As for fitting into clothes again, well, perhaps that’s a little more delusional. I have two pairs of 30-inch waist jeans I bought three years ago and the only way I will ever get into them again is if someone uses them to protect the urn containing my ashes.

So why are they still in the wardrobe? The truth is, I really do find it hard to throw anything out. Maybe it’s because I grew up at a time when we had a lot less than we do nowadays, but there always was someone – a sibling, a cousin, a family friend – who would gratefully accept hand-me-downs, and not frown on them as we would do nowadays.

It’s like I have a mental muscle memory that slams the door shut just as I finally get to thinking the time has come.

And that’s why, at my sister’s kitchen island over the Christmas period, I finally put my hand up and asked for help, because I’m just not strong enough to do this alone. I need a dispassion­ate eye and a mind uncontamin­ated by sentiment to force me into acceptance of the truth.

Malleable

So the plan was that she and my other sister would come to my place this evening and we would spend the weekend going through all the clutter, not just in the wardrobes but everywhere in the property, and fillet my house like a Japanese steak.

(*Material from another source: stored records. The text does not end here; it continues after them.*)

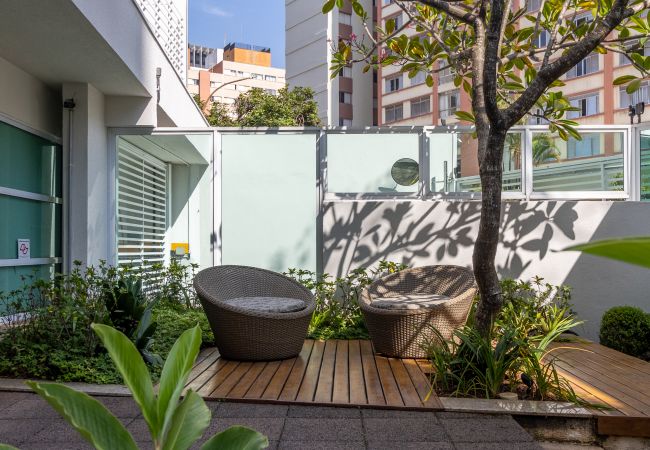 Estudio en São Paulo - Encanto en Paulista a 300 metros del metro Estudio en São Paulo - Encanto en Paulista a 300 metros del metro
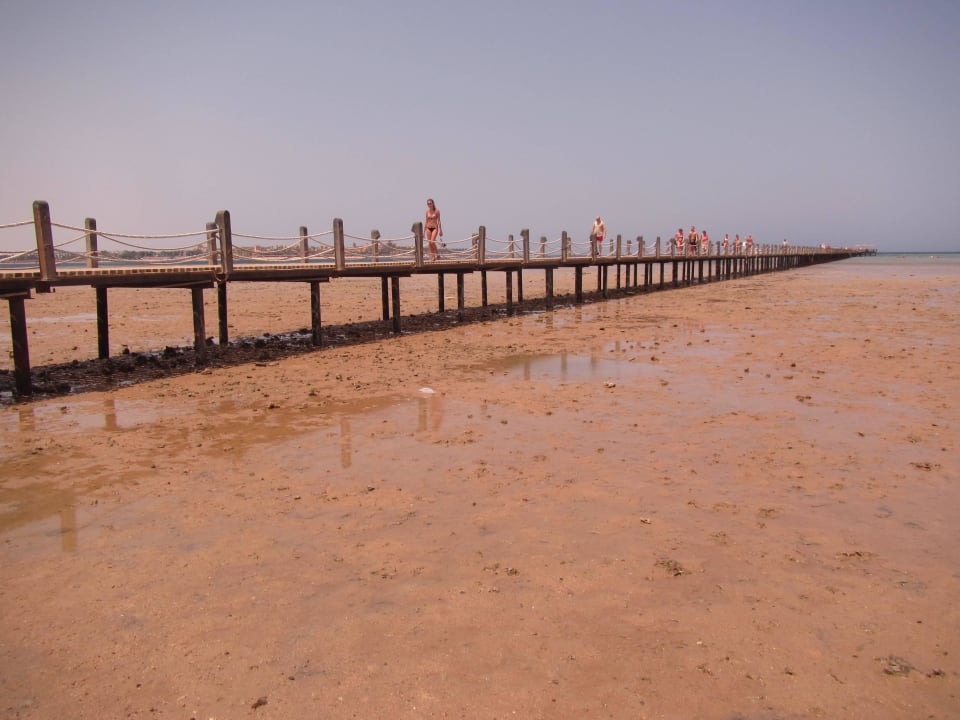 Man muss nun 200-300 Meter laufen Stella Beach Resort & Spa Makadi Bay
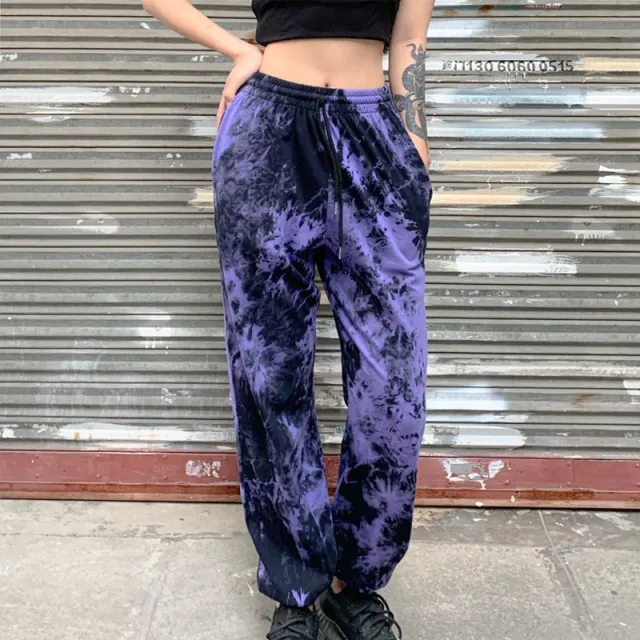 Hot Style Trendy Harem Pants Women's Clothing Purple - Shop at LoveMi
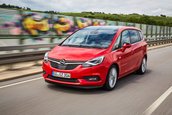 Opel Zafira Facelift - Galerie Foto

Do I really need four pulley bags for weekend breaks when I go on only one at a time? What about the thousands of CDs taking up shelf space when they’ve long since been uploaded to cloud storage, and when in any case I pay almost a tenner a month to Spotify to stream almost every song ever recorded?

I own 187 pairs of socks – it’s an illness. I have three drawers full of toiletries, er, liberated from hotels in case guests need them. At this stage, short of a coach party checking in, they’ll still be there long after I’ve joined the Choir Eternal.

So, to be honest, I was looking forward to this clearout and dreading it in equal measure.

Then yesterday, one of my sisters, the proper, grown-up, sensible one, rang to say tell me that she had the flu and wouldn’t be able to make it. The other is much more malleable, and already I’m preparing adversaria­l arguments for the retention of almost everything.

That really can’t happen though. The die has been cast and what has to be done will be done.

Many will have to go, but I hope I’m allowed a final few minutes to apologise to them, and say a proper goodbye.